Cover Page from the Bruce Museum’s catalog showing a paper theater in use.

Before TV, PlayStation, and the Internet kids actually entertained themselves for hours on end by assembling things and playing with them. In the early 19th century tabletop sized paper theaters that had to be cut out and assembled were a favorite source of entertainment. The theaters came with little paper actors and scripts. Children, most likely with some adult help, would construct the theaters and put on the plays. I have no doubt that even 19th century children did a fair amount of goofing around and improvising with all of this, which must have been great fun. The paper theaters encouraged creativity and imagination and could be used again and again.

The Bruce has assembled over 40 theaters from the collection of Eric G. Bernard. The theaters are little masterpieces with intricately drawn sets, actors, and in some cases, musicians. The paper theater tradition was popular in England, Austria, France, Spain, Denmark and the USA. Sets usually depicted a popular play, fairy tale or opera.

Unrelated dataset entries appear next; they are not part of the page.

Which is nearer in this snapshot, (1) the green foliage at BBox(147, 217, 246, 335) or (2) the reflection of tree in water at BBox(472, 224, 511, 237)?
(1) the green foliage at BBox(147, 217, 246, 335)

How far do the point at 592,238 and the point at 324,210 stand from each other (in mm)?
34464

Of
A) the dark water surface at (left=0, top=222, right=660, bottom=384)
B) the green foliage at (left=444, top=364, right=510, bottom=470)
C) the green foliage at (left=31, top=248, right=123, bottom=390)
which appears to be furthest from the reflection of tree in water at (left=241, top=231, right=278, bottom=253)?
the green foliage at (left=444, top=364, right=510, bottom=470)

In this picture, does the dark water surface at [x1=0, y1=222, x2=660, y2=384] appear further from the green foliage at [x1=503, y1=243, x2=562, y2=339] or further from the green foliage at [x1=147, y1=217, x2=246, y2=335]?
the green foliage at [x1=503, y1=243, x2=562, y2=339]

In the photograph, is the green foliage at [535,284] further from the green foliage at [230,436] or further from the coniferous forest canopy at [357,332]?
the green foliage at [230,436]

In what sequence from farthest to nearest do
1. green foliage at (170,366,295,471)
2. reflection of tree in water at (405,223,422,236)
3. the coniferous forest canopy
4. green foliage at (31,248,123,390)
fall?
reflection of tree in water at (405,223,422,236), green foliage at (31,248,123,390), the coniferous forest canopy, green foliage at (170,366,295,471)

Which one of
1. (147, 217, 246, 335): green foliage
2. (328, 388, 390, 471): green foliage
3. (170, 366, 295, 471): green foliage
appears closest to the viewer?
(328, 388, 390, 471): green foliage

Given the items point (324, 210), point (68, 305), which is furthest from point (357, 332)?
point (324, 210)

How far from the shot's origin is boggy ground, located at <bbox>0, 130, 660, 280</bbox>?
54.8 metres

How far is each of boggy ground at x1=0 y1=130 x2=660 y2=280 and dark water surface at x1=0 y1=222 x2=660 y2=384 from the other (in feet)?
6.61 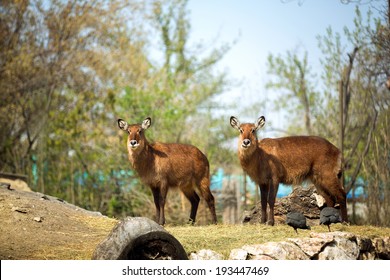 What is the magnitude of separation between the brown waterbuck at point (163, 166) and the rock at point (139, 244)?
3366 millimetres

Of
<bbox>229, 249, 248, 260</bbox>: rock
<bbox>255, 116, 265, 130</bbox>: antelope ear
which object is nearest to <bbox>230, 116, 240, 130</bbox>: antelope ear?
<bbox>255, 116, 265, 130</bbox>: antelope ear

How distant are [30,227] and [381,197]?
627 cm

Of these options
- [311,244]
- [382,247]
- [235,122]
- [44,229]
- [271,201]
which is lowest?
[382,247]

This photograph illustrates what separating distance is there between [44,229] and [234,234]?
8.76 ft

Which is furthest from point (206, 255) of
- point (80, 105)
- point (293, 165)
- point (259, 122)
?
point (80, 105)

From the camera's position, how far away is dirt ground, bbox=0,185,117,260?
26.4 ft

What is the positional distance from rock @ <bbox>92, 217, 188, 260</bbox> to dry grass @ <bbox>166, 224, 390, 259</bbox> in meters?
0.67

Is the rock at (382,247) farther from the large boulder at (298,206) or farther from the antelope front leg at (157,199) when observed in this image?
the antelope front leg at (157,199)

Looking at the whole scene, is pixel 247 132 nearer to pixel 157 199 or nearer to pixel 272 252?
pixel 157 199

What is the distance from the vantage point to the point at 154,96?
17297 millimetres

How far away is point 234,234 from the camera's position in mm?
8797

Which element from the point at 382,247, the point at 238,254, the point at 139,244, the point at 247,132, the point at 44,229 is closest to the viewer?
the point at 139,244

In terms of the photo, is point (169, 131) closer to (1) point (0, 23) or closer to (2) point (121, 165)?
(2) point (121, 165)

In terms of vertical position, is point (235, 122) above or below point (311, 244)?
above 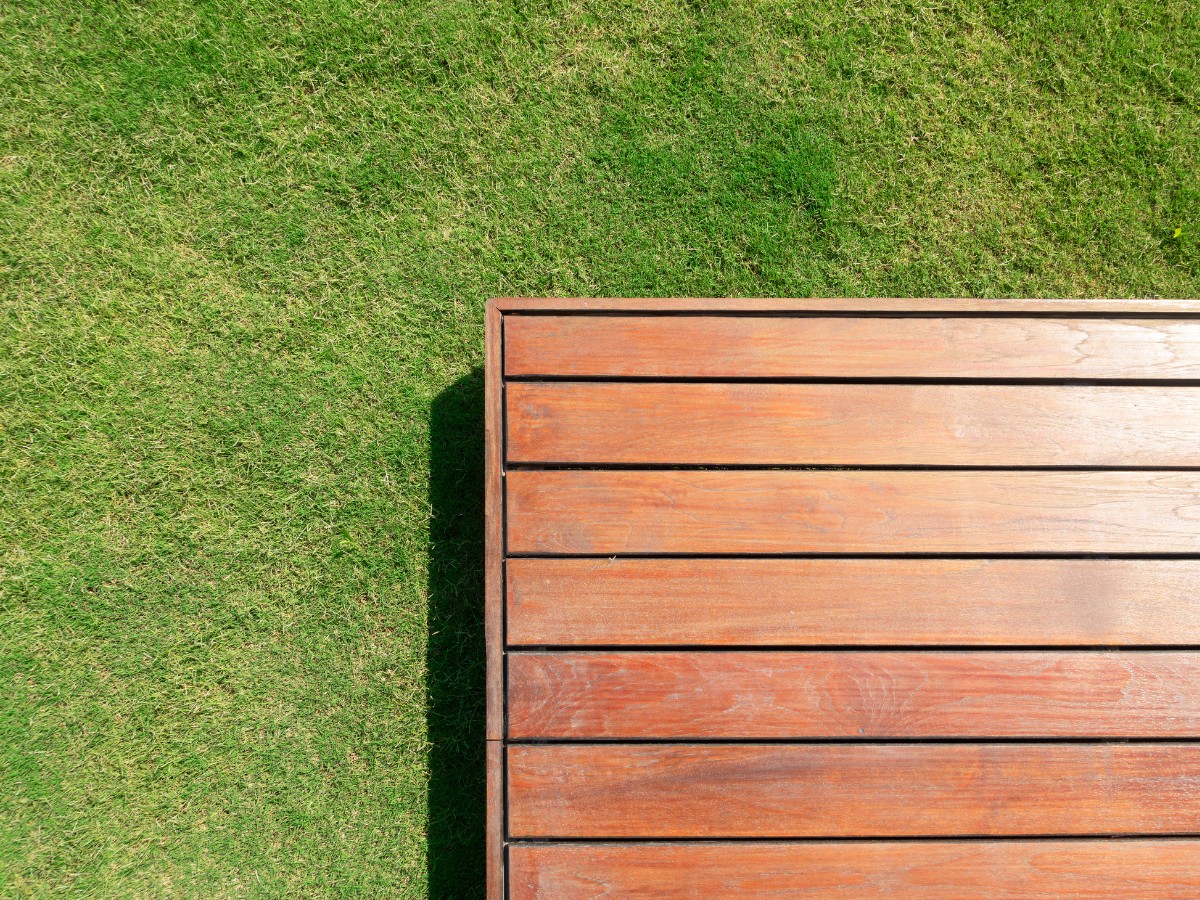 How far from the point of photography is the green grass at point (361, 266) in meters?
2.16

Productions ranged from Mozart’s the Magic Flute to Hamlet and Hansel and Gretel. The figures were drawn after popular actors of the day.

A French paper theater on display at the Bruce Museum and from the collection of Eric G. Bernard.

The paper theater production faded with the beginning of the 20th century. I imagine mass manufactured toys became more popular as the century progressed and made the paper theaters seem old fashioned and outdated. That said, there are folks out there today keeping the tradition alive. A brief search online will bring you to a myriad blogs about Toy or Paper Theater and its 21st century resurgence – a nice merging of the old tradition and new technology.